He also weighed in on the debates about postmodernism and religion currently in vogue. To the darlings of deconstructionist theology, for whom the death of God and the disappearance of the self created brave new possibilities for religious thought, Rorty’s “old-fashioned atheism” was like a cold slap to the face. “I believe when you die you rot,” he said one fine spring afternoon in the West Pavilion lecture room in response to a paper by Mark C. Taylor, author of such influential books as De-constructing Theology and Erring: A Postmodern A/theology.

For my money, that memorable afternoon in Charlottesville in 1989 marked the end of the deconstructionist theology movement. It was not quite the momentous “black day” in August 1914, when 93 German professors and writers proclaimed their support of the war policy of Wilhelm II; the day Karl Barth realized he could no longer follow the direction of nineteenth-century Protestant theology—”their ethics and dogmatics or their understanding of the Bible and of history.” But it was close. In 15 minutes Rorty did more to dramatize the poverty of liberalism (and its recent incarnation, the theological deconstructionist) than the whole Yale School had done in three decades.

Mark Taylor’s paper had begun with a quote from Michael Serres’s book, The Parasite, about rats chewing up a Persian rug, and went on from there to talk about “the demonized other of the West.” Rorty was accused of thinking improperly about otherness—of exterminating the rats: “Rorty’s ‘dialogue’ actually ends in a monologue spoken/written to colonize the other.”4 Rorty, Taylor said, was a “cultural imperialist,” wielding his machete of irony against the otherness of the other, the difference of the different, “an other that is forever other,” “a difference that is always different.”5 Taylor advised Rorty “to travel East—from middle to far—in search of an East that ‘is’ different … different from a construction through which the West converses with itself while pretending to listen to someone/something other.”6

Rorty declined the invitation, not very politely, and he brought down the house in the process. Here are some of the highlights. I refer you to a forlorn University Press of America volume, entitled On the Other: Dialogue and/or Dialectics, for the complete text.

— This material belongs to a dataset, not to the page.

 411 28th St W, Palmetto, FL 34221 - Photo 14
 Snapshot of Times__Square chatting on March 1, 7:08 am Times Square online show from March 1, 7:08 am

• On the Protestant liberal tradition:

Pascal earned himself a footnote in the theology books by distinguishing between the God of Abraham, Isaac and Jacob and the God of the philosophers. Since Pascal’s time, the former God has remained about the same. But the latter God has gotten weirder and weirder.7

• On Mark Taylor’s “a/theology”:

This slash is a trademark of a theologian who, just as a philosopher is congratulating himself on finally having wiggled out from under all those heaps of dirty satin and chiffon, the discarded old clothes of what Heidegger called the “ontotheological tradition,” sneaks up behind him and pops an all-enveloping, one-size-fits-all cloak over his head. On the back of this cloak are written, in letters of pale shimmering fire, the cryptic words “Now at your nearby tailor’s! For the first time ever! The ultimate Vestment of Godhead! Guaranteed self-deconstructing and self-repairing!”

• On turning East:

Taylor calls me a “cultural imperialist” for saying that “truth and justice lie in the direction marked by the successive stages of European thought.” “Imperialist” is a fighting word, in the sense that it suggests images of Conquistadors’ horses and of Gatling guns. But I bet that Taylor too thinks that truth lies in the direction that leads away from Aristotle toward Darwin, and that justice lies in the direction that leads away from Marsilius of Padua and toward John Stuart Mill.

“As the old-fashioned kind of atheist,” Rorty concluded, “the kind without the slash, I keep wishing that we didn’t have any theologians.”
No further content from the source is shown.